I may end up installing a 9V battery, switch and a white LED or two inside the guard to allow for better viewing. Though I can see decently, it is less visible then it could be.

















In use. And I've used it quite a bit so far. I'm very happy with how it turned out. Now I need to make some attachments for it.


----------



## Chaincarver Steve (Jul 30, 2011)

As far as the stop goes, I made the guard a length such that when I use the factory throat plate I can see how far I need to push the sled to cut through my work piece and when I need to stop to avoid cutting into the guard.

When I see the edge of first hole in the throat plate (the finger hole) I know that the back edge of the cut in progress is located directly over the center point of the blade. This is as far as I need to push the sled to made a cut.









When I see the second hole (the blade hole) I know that I've pushed as far forward as I want to go. If the blade were raised fully (as high as I will use it with this sled. I have the max "set" at 2-5/8 thickness), the leading edge of the blade would be about an inch from nicking the inside of the guard with the sled in this position.


----------



## Chaincarver Steve (Jul 30, 2011)

I still may add a physical stop block to prevent the sled from traveling farther forward. But the visual stops are working pretty well so far.


----------



## JamesGlenn (Jan 25, 2011)

Great sled and setup. 

One question, what model tablesaw is that. Looks like a Ridgid, but I am curious about the riving knife. I have a TS3650 and would love to get a good knife on it.

Jim


----------



## Chaincarver Steve (Jul 30, 2011)

JamesGlenn said:


> Great sled and setup.
> 
> One question, what model tablesaw is that. Looks like a Ridgid, but I am curious about the riving knife. I have a TS3650 and would love to get a good knife on it.
> 
> Jim


Mine is the Ridgid R4512

http://www.homedepot.com/webapp/wcs/stores/servlet/ProductDisplay?storeId=10051&productId=202500206&langId=-1&catalogId=10053&ci_sku=202500206&ci_kw={keyword}&cm_mmc=shopping-_-googleads-_-pla-_-202500206&ci_gpa=pla&locStoreNum=256


*P.S.* I forgot to mention earlier that there is an 1/8" rabbit on the inside bottom edge of the fence to allow for the clearing of sawdust. This prevents sawdust from interfering with the workpieces' ability to sit squarely against the fence.


----------



## oldmacnut (Dec 27, 2010)

Chaincarver Steve said:


> Mine is the Ridgid R4512
> 
> http://www.homedepot.com/webapp/wcs/stores/servlet/ProductDisplay?storeId=10051&productId=202500206&langId=-1&catalogId=10053&ci_sku=202500206&ci_kw={keyword}&cm_mmc=shopping-_-googleads-_-pla-_-202500206&ci_gpa=pla&locStoreNum=256
> 
> P.S. I forgot to mention earlier that there is an 1/8" rabbit on the inside bottom edge of the fence to allow for the clearing of sawdust. This prevents sawdust from interfering with the workpieces' ability to sit squarely against the fence.

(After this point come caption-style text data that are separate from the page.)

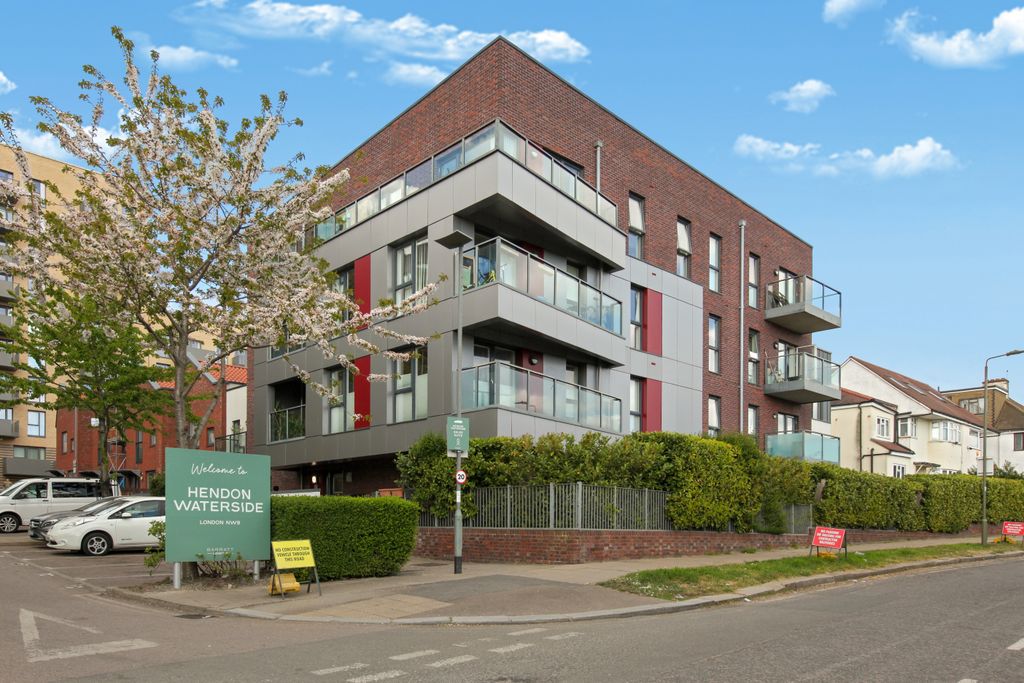 Property photo 1 of 18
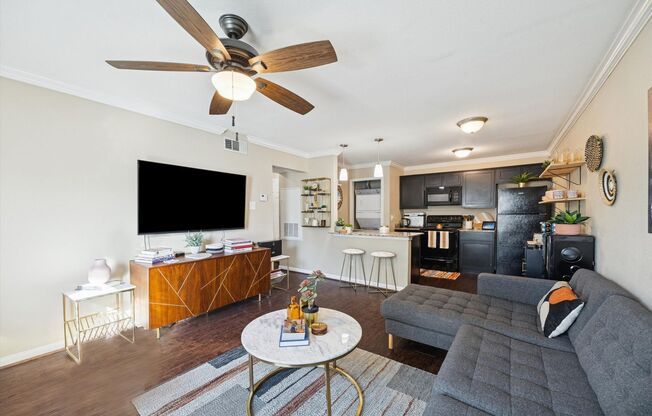 1 bed, 1 bath, 616 sqft, $1,195, Unit 70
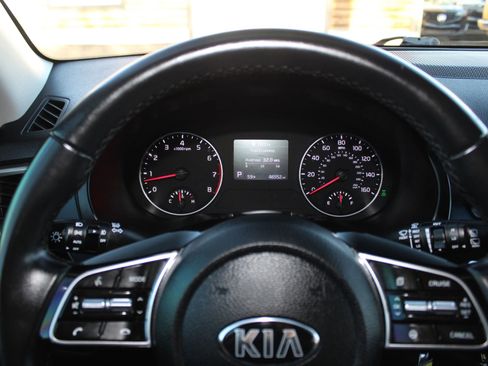 Used 2021 Kia Seltos S image 20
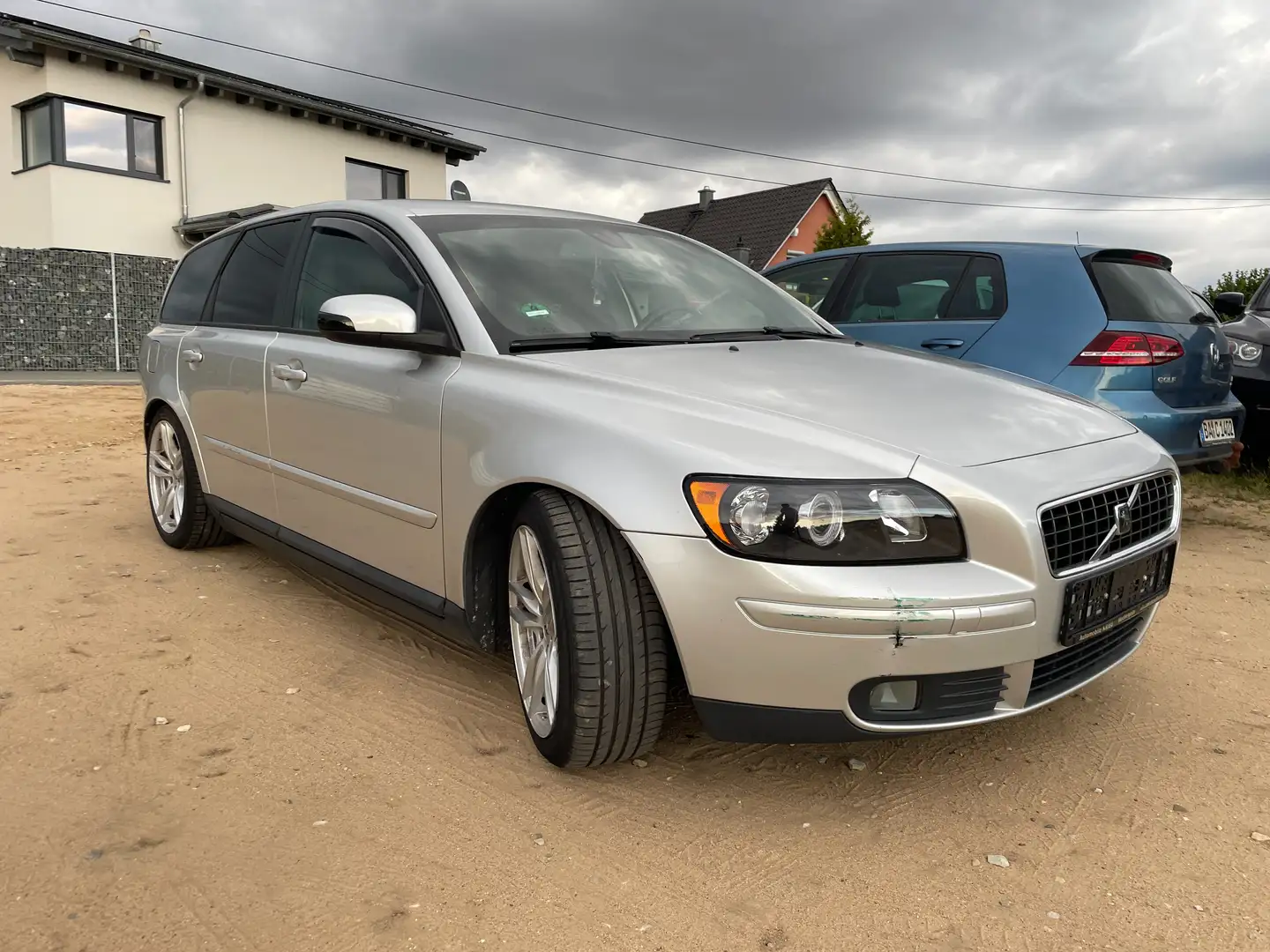 Volvo V50 2.0D TÜV NEU+KLIMA+Sihzg+Temp+Alufelgen Silber - 2
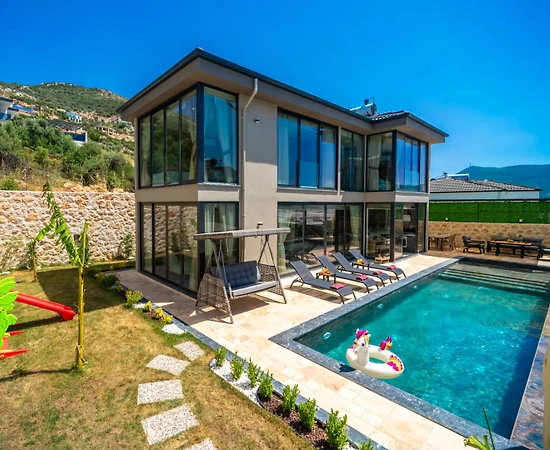 Kaş Yeşilköy'de Doğa ve Dağ Manzaralı, Özel Havuzlu, Şık Villa - 1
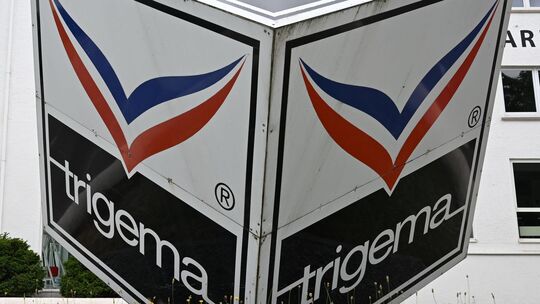 Ein Logo der Bekleidungsfirma Trigema ist am Gebäude des Firmensitzes angebracht. Auch in Mülheim-Kärlich wird Trigema nun aktiv Ein Logo der Bekleidungsfirma Trigema ist am Gebäude des Firmensitzes angebracht. Auch in Mülheim-Kärlich wird Trigema nun aktiv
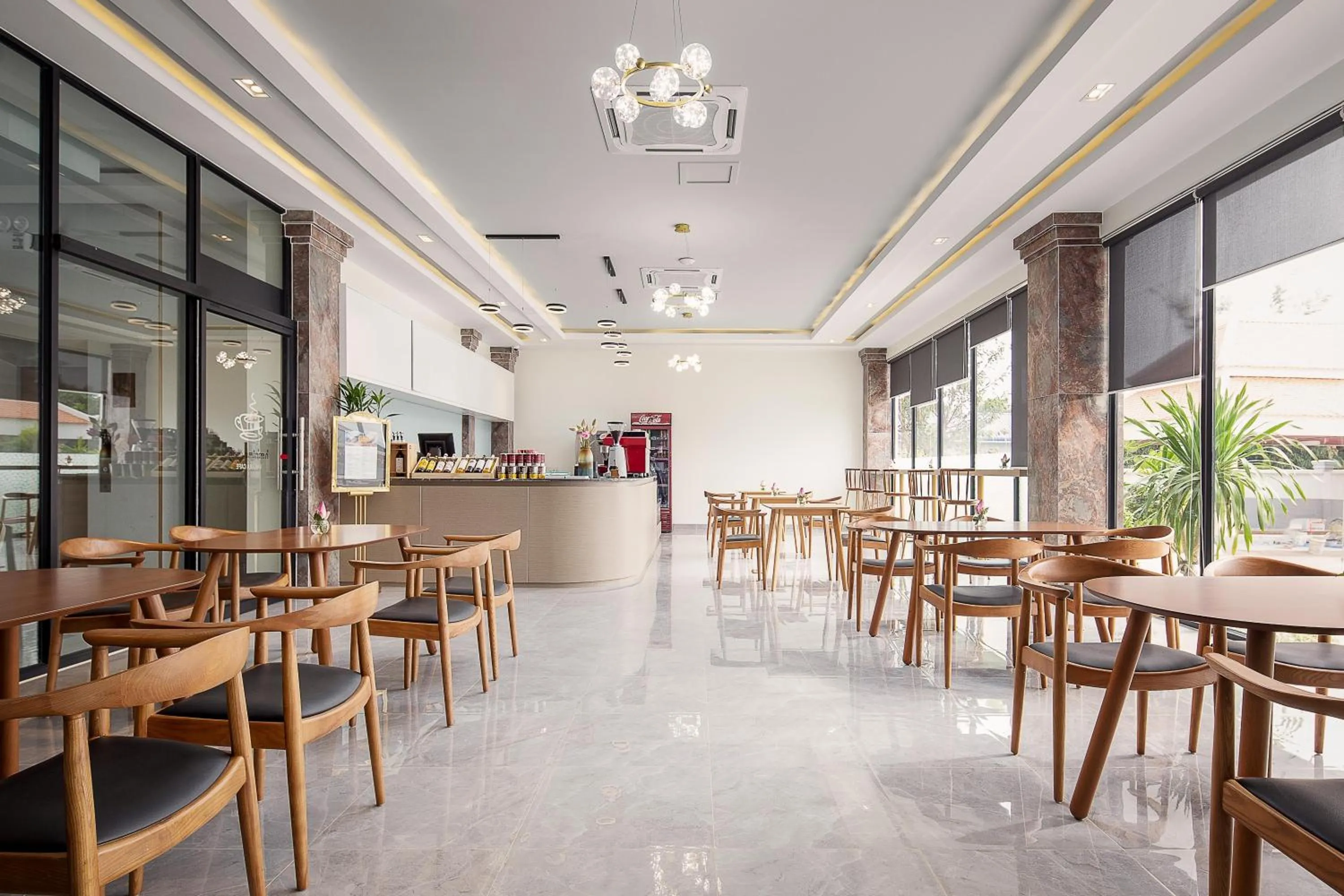 Restaurant/places to eat in Vakara Hotel Kep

I have the R4512 as well. I put the cast iron extensions from the ts3650 on my 4512, I even had the fence and rails from the 3650 on my saw at one point, but then the fence got mangled one day as I wasn't paying attention, turned the saw on and had the fence to close to the dado. 

Boy, that 3650 micro adjuster was sweet, and I miss it.

Nice sled.


----------